Brief descriptive captions:
########
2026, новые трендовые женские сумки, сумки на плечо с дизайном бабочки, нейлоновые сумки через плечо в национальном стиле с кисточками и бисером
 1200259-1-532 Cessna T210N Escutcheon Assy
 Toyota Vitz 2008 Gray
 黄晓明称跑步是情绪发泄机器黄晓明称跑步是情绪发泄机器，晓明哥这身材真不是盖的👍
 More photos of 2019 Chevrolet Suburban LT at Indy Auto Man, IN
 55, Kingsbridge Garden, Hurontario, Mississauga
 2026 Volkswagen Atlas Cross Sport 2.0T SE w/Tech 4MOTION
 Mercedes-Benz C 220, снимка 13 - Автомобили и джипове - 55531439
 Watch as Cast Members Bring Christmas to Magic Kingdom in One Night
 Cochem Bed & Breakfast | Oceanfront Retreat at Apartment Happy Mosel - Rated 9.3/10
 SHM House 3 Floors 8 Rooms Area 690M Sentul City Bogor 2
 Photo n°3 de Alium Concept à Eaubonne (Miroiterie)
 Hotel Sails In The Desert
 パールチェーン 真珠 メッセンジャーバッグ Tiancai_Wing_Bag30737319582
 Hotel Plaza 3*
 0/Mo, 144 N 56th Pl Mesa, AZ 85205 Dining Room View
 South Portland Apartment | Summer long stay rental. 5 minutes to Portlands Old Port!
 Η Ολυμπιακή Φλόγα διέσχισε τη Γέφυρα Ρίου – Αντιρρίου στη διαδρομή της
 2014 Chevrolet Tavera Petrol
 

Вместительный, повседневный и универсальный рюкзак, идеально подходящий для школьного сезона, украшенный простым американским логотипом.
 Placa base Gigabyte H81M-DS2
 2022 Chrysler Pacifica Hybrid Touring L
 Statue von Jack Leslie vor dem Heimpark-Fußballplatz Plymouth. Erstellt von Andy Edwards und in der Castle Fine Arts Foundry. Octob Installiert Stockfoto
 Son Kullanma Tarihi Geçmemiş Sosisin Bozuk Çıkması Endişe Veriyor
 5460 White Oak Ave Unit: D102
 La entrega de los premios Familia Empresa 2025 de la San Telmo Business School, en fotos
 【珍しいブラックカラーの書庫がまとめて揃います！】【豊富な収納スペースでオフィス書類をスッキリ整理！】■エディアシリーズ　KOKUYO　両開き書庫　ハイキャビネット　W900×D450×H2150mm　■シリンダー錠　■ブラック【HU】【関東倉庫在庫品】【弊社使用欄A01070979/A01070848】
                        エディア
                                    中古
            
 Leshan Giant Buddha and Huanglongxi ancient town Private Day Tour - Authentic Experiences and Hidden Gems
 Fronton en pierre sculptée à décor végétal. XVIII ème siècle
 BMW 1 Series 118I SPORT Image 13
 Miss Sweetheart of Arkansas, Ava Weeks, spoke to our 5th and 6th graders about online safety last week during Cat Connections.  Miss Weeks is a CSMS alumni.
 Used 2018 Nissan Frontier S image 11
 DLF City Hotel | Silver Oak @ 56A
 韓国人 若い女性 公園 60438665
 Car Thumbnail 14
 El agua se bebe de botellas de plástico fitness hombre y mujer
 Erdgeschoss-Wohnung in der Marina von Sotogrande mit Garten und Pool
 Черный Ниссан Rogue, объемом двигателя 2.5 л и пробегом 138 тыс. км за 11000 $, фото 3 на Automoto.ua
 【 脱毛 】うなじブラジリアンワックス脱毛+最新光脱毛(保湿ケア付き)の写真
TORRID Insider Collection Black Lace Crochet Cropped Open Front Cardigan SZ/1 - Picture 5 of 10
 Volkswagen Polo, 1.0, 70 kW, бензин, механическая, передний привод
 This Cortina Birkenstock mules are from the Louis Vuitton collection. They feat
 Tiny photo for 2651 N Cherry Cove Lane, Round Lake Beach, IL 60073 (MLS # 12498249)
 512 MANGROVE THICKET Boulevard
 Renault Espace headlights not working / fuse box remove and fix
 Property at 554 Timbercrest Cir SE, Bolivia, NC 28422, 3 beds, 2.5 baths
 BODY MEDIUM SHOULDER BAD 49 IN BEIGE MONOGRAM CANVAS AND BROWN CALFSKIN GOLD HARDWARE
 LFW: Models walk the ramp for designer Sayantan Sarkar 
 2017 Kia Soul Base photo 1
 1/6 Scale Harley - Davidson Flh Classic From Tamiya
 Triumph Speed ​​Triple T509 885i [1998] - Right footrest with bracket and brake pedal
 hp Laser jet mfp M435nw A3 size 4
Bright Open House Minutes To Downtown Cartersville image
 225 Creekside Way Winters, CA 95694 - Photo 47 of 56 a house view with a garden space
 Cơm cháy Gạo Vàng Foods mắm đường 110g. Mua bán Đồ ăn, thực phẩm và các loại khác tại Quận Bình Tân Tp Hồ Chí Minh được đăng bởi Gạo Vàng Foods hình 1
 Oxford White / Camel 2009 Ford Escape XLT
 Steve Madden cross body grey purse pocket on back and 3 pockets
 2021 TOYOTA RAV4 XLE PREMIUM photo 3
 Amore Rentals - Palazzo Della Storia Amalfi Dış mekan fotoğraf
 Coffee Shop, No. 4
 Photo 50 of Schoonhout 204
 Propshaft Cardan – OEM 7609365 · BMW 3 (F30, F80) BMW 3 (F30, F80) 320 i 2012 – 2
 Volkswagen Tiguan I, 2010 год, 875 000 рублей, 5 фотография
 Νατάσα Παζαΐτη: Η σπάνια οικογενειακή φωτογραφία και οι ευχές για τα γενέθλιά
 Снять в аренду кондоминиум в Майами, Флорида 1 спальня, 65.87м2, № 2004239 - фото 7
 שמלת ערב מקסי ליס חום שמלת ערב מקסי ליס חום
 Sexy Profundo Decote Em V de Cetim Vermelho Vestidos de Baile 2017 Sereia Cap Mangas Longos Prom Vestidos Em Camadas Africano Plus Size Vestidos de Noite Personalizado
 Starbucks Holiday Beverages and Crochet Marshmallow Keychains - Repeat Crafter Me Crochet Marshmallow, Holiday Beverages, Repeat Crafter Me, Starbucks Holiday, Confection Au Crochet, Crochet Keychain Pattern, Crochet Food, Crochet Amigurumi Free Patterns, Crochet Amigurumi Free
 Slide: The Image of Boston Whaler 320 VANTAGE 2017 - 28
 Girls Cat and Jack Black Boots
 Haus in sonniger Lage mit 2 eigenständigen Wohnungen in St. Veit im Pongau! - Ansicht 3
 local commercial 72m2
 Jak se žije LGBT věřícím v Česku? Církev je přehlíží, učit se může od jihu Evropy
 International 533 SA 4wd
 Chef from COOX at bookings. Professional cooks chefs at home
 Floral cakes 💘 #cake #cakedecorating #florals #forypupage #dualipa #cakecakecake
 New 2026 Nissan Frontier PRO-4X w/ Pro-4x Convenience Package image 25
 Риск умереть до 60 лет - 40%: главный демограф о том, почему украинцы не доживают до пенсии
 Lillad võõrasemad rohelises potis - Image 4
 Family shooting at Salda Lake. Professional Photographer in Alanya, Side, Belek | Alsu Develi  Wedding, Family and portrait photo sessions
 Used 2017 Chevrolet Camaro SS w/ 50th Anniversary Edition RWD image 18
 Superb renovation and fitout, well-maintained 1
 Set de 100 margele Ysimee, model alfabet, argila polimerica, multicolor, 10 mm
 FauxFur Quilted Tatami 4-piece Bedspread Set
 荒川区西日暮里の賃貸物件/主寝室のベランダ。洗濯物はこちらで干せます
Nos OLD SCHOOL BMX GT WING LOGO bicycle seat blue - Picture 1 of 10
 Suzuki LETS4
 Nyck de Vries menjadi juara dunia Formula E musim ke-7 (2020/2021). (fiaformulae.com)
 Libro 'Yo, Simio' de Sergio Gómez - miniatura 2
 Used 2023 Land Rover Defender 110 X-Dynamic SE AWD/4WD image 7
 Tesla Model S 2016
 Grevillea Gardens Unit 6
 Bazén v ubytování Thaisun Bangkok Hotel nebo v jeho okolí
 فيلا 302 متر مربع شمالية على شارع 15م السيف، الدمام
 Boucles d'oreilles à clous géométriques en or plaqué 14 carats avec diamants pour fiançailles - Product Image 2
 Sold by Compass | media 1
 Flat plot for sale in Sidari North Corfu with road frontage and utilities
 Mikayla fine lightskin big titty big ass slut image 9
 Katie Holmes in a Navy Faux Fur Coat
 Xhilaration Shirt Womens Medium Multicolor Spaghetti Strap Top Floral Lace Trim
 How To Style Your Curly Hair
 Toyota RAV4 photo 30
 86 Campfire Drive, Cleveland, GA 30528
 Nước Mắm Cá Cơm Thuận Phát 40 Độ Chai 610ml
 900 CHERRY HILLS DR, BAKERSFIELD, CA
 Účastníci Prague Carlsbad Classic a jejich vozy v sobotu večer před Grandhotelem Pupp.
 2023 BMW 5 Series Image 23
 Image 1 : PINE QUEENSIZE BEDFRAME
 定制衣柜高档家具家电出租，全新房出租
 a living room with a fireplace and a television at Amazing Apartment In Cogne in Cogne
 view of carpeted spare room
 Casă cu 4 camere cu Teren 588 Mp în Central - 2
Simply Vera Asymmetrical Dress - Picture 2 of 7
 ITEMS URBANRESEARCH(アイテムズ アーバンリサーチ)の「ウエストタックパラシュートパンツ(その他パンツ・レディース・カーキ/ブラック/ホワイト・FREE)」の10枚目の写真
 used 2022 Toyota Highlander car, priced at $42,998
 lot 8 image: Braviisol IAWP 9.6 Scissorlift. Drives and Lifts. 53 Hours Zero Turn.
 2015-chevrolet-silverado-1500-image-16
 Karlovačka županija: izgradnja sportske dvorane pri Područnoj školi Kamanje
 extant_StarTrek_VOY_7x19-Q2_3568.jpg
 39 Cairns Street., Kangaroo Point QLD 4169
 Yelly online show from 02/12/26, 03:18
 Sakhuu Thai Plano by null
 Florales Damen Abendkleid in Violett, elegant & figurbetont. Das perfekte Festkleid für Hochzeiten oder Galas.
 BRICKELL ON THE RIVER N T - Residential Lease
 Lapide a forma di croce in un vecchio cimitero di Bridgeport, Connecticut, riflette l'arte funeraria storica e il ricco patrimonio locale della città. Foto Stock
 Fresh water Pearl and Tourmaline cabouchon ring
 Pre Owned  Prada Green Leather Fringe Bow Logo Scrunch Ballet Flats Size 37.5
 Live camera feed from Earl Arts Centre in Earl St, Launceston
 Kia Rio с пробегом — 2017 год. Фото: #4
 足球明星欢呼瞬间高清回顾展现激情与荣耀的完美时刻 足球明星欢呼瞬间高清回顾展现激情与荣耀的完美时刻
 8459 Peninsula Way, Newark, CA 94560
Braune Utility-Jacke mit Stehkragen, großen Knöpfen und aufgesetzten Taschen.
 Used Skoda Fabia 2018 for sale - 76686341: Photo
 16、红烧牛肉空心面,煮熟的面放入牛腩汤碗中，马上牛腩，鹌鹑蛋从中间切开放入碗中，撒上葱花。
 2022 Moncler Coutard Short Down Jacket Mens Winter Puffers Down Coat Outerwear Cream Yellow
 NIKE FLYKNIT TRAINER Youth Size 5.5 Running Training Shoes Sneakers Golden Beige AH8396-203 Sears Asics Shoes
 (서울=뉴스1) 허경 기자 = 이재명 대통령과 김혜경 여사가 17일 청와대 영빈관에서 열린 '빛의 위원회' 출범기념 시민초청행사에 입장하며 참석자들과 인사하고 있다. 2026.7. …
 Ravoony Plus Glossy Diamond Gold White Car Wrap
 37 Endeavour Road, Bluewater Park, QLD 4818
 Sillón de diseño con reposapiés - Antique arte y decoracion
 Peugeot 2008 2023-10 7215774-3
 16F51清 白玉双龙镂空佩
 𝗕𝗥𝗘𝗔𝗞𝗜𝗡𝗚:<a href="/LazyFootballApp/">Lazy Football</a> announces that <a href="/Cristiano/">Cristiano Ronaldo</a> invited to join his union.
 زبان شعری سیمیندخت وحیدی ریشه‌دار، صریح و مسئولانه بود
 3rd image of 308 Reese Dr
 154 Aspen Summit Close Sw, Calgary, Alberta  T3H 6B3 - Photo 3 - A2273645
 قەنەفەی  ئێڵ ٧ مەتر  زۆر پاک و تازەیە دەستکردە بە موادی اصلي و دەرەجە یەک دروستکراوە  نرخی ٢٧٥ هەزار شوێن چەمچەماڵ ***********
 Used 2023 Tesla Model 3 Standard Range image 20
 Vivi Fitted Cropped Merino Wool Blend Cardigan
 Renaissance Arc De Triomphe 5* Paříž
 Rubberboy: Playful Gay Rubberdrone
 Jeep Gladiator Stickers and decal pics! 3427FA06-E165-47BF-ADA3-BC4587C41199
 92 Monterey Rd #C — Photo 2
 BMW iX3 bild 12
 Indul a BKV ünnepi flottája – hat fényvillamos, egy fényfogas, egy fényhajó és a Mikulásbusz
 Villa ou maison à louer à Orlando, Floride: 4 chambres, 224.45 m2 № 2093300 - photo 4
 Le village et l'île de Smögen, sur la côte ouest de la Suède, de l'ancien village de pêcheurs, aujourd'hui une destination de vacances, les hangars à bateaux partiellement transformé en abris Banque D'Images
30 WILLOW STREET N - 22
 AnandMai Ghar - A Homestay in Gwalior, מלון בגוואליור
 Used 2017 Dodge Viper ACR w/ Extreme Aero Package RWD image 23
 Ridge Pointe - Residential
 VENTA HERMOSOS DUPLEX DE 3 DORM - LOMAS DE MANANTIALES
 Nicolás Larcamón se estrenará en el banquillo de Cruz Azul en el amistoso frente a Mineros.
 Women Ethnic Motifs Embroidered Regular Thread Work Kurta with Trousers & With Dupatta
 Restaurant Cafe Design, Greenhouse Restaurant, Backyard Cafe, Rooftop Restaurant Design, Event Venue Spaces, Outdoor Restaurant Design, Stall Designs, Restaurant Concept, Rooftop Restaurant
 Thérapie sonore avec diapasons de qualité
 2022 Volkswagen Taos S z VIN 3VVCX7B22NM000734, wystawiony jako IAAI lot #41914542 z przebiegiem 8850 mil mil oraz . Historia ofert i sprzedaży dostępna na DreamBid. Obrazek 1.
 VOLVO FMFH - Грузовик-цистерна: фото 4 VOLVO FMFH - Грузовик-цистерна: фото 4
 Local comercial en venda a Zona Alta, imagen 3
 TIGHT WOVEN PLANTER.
########
Reproduce the records above line by line, without any change, up to and including the line that holds "Watch as Cast".

Task output:
2026, новые трендовые женские сумки, сумки на плечо с дизайном бабочки, нейлоновые сумки через плечо в национальном стиле с кисточками и бисером
 1200259-1-532 Cessna T210N Escutcheon Assy
 Toyota Vitz 2008 Gray
 黄晓明称跑步是情绪发泄机器黄晓明称跑步是情绪发泄机器，晓明哥这身材真不是盖的👍
 More photos of 2019 Chevrolet Suburban LT at Indy Auto Man, IN
 55, Kingsbridge Garden, Hurontario, Mississauga
 2026 Volkswagen Atlas Cross Sport 2.0T SE w/Tech 4MOTION
 Mercedes-Benz C 220, снимка 13 - Автомобили и джипове - 55531439
 Watch as Cast Members Bring Christmas to Magic Kingdom in One Night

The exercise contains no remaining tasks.